そんな事をぼんやりと考えていると、倉橋が間近から俺の顔を覗き込んできて、思わず声を上げた。
「わぁっ!あ…ごめん…っ。え…っと、いつ会ったかだっけ?あ〜…、1月の中頃にさ、倉橋に聞きたい事があって、一人でここに来たんだよ。その時に声をかけられたんだ」
「へぇ…、白、ほんまに自分から姿を見せたんや…」
「だから言ってるだろう。天狗の精を注ぎ込まれて濃い匂いが付いておったから気になったと」
「ちょっ…っ、せ…精とか注ぐとか言うのヤメろ…やめて下さい…」
清忠の前ではいいけど、倉橋の前で、そんな露骨な事を言われるのは恥ずかしい。
「何がだ。現に今も精を注ぎ込まれた濃い匂いがしておるではないか。昨夜も激しく抱かれたのだな?」
「なっ、なっ、な…っ」
ほんとは、この前の銀ちゃんにキスをした事を抗議しようと思ってたのに、逆に追い込まれてしまう。

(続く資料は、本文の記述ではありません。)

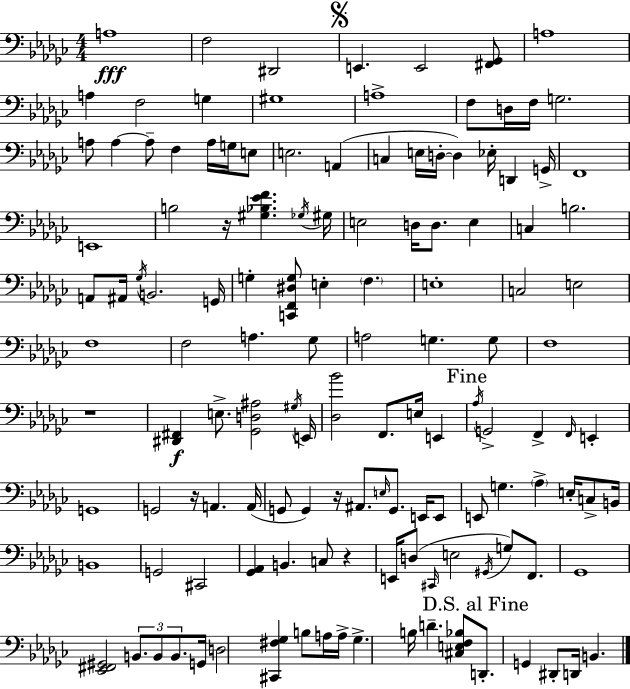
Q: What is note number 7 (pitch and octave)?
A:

俺は羞恥で熱くなった顔を隠すように、清忠の背後に隠れた。
「白、やめや。椹木が困ってるやんか。椹木もいちいち反応しとったら身が持たへんで。妖とかと一緒でな、白は思った事をズケズケと言うんや。でも、悪気はない」
倉橋の言葉に、俺は清忠の背後でぷるぷる震えながら、小さく頷いた。
清忠はというと、落ち着きなく手を何度も服に擦り付けている。どうやら緊張で手汗が止まらないようだ。
「ところで妖狐、名前はなんと言う」
いきなり神使に名前を尋ねられて、清忠の肩がびくんっと跳ねた。
「ま、真葛っ、清忠ですっ。お会い出来て光栄ですっ!」
清忠の声が上擦って高くなる。
俺は恥ずかしいのも忘れて、「緊張しすぎだろ…」と笑ってしまった。倉橋も可笑しいのか、ぷっと吹き出していた。